The character’s complexity turns not on his personal blights, but on his delusional understanding of how they reverberate. He’s not really a good guy; he’s not wholeheartedly bad either. Judgment, therefore, weighs the evils with the triumphs, making the acceptance of such an individual a puzzling matter for interpretation.

And according to Washington, the film leaves it simply at that.

 “I don’t like waving the flag,” he explains. “It’s like when people say, ‘Well, what do you want people to get from this movie?’ I say, ‘Well it depends on what they bring to it’…I don’t try to decide what people should get from it or why. I don’t do a part for those kinds of reasons.”
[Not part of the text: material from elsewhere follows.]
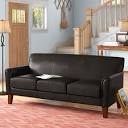 Abarca Vinyl Pair Of Sofa Arm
Flight examines how firmly the public will stand by its hero, and whether the desire for leadership surpasses the necessity for law enforcement. It’s a query on the division of judgment, and God’s presence in a world of human conviction. Beyond the principal storyline, Washington must deal with a growing tree of unwanted circumstances: death, enablers, a broken family and the desire to repair life without using proper tools.

For a veteran star like Washington, however, it’s merely another day at work.

“Tough spots for me are pictures I don’t want to be on,” the actor jokes. “If you’re on the movie, it’s like the third day, and you go, ‘How many days we been shooting?’ ‘Three.’ ‘How many days we got to go?’ ‘117.’ That’s a tough movie for me.”

He adds, “This was an adventure. I mean, first of all, like I said, starting with the screenplay, the collaboration with the filmmaker; getting the chance to fly around in a flight simulator…hanging upside down in a plane; playing a drunk.”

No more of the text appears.